The embryonal cell type is most common in this type of nonseminoma germ cell cancer. This type is found in about 40 percent of testicular tumors. Pure embryonal carcinomas occur in only 3 to 4 percent of patients. Seen under a microscope, these tumors can resemble tissues of very early embryos, with a diffuse pattern of disorganized and irregular, small rounded cells that do not have specific organization into organlike structures. This type of nonseminoma is more likely to grow rapidly and spread outside the testicle.

Yolk Sac Carcinomas

Yolk sac tumors are named for the resemblance of their cells to the yolk sac of an early human embryo. Other names for these cancers include endodermal sinus tumors, infantile embryonal carcinomas, and orchidoblastomas. Yolk sac carcinoma is the most common form of testicular cancer in children and is usually successfully treated in this age group.
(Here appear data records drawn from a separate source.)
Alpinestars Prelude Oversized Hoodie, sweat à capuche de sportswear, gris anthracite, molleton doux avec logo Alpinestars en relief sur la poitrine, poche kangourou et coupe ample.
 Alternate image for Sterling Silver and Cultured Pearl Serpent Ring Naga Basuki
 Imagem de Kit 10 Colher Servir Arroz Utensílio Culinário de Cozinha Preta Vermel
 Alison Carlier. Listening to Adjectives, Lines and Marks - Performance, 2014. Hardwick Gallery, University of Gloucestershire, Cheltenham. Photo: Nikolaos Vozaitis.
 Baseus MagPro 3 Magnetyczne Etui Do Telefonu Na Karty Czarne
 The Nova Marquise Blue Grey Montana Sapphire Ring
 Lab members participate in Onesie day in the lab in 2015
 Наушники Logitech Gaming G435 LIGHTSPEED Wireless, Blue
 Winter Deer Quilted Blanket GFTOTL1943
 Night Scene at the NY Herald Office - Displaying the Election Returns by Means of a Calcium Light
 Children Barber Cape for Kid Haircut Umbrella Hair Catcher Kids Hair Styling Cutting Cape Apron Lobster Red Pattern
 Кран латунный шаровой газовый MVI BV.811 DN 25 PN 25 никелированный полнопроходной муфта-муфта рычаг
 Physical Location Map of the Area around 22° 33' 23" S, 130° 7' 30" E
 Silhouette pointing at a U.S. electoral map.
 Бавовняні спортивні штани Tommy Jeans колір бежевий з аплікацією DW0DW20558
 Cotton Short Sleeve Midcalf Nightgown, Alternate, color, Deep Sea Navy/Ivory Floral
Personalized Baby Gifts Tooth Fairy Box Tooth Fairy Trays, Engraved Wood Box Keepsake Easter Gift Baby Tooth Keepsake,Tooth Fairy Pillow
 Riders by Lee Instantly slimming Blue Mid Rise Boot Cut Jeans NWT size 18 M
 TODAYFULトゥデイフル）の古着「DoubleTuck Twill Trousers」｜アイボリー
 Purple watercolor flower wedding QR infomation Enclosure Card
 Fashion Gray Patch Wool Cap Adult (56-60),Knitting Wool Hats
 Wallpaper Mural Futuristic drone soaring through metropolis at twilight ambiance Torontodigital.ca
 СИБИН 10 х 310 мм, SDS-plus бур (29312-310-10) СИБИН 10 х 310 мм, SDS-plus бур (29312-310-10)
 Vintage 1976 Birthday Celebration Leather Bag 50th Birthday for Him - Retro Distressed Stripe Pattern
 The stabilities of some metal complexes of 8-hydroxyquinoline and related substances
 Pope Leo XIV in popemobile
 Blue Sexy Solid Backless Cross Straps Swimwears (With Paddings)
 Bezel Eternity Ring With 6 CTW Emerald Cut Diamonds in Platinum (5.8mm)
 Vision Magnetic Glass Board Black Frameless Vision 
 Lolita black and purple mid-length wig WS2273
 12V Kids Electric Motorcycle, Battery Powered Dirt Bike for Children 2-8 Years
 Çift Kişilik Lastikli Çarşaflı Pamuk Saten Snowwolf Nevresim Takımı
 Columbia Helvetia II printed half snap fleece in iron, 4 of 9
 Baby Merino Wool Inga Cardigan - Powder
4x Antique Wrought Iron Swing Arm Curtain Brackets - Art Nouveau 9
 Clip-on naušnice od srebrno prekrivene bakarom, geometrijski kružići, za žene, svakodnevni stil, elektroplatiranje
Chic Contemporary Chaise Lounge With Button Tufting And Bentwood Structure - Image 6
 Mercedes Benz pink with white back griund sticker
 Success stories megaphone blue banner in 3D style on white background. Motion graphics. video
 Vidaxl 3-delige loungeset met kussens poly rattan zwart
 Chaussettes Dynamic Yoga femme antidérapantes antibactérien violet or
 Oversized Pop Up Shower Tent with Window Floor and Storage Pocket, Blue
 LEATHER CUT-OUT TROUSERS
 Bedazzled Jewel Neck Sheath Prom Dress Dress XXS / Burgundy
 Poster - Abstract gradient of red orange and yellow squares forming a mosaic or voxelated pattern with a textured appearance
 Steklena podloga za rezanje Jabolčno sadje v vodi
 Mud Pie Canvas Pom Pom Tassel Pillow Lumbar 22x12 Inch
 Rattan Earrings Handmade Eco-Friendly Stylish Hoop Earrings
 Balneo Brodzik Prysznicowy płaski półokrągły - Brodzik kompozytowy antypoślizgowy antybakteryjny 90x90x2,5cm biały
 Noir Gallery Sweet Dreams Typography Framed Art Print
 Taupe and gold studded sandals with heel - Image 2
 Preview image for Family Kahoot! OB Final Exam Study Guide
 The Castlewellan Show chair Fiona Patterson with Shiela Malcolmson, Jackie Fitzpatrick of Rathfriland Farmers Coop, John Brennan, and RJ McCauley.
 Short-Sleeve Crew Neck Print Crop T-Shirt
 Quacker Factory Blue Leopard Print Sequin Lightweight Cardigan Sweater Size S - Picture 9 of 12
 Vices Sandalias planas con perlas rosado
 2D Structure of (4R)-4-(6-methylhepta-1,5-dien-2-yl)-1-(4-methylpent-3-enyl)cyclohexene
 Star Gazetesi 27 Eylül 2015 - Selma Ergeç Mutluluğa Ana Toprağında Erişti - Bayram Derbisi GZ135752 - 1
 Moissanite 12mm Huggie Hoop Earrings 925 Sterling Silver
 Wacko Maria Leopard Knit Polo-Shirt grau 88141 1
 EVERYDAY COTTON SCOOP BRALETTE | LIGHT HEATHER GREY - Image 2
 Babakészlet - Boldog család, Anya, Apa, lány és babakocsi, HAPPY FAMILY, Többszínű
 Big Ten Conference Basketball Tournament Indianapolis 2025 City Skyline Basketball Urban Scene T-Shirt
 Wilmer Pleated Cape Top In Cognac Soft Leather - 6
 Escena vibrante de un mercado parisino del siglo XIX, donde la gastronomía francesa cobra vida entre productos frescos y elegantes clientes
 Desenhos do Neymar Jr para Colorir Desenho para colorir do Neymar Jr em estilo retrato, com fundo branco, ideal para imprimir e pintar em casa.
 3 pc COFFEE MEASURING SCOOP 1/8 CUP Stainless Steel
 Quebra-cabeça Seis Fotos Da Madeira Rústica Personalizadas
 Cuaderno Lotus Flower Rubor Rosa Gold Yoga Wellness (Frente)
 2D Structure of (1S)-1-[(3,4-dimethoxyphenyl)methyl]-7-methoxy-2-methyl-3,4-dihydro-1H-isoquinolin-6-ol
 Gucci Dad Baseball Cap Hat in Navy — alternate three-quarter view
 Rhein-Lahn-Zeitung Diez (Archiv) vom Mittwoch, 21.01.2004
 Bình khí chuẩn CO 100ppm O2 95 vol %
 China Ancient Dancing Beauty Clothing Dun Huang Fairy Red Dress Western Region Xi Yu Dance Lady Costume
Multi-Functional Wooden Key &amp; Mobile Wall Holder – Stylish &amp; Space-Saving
When yolk sac tumors develop in adults, however, they are more dangerous, especially if they are pure (that is, they do not contain other types of nonseminoma cells), although they still respond very well to chemotherapy if they have spread. This type of tumor releases a protein known as alpha-fetoprotein (AFP), whose presence can help confirm the diagnosis.

Choriocarcinomas

Choriocarcinomas are very rare and aggressive testicular cancers that occur in adults and often spread rapidly to distant organs of the body, including the lungs, bone, and brain. Pure choriocarcinoma does not often occur in the testicles. More often, choriocarcinoma cells are present with other types of nonseminoma cells in a mixed germ cell tumor. This type of tumor is classically associated with the production of a protein called human chorionic gonadotropin (hCG).

Teratomas

Teratomas are germ cell tumors that have areas that, when viewed under the microscope, resemble each of the three layers of a developing embryo. The three main types are mature teratoma, immature teratoma, and teratoma with malignant transformation.

Mature teratomas

These tumors are formed by cells similar to cells of adult tissues and rarely spread to nearby tissues or distant areas of the body. Although a mature teratoma rarely spreads, sometimes deposits of mature teratoma are found in other parts of the body after chemotherapy is finished. Experts believe that these deposits represent elements of a tumor that are left behind after chemotherapy; they can usually be cured by surgical removal after chemotherapy.

Immature teratomas

These less well-developed cancers have cells that resemble those of an early embryo and may spread to other organs. Unlike mature teratomas, this type has a greater potential to invade and occasionally to metastasize, and it is this type that sometimes recurs years after treatment.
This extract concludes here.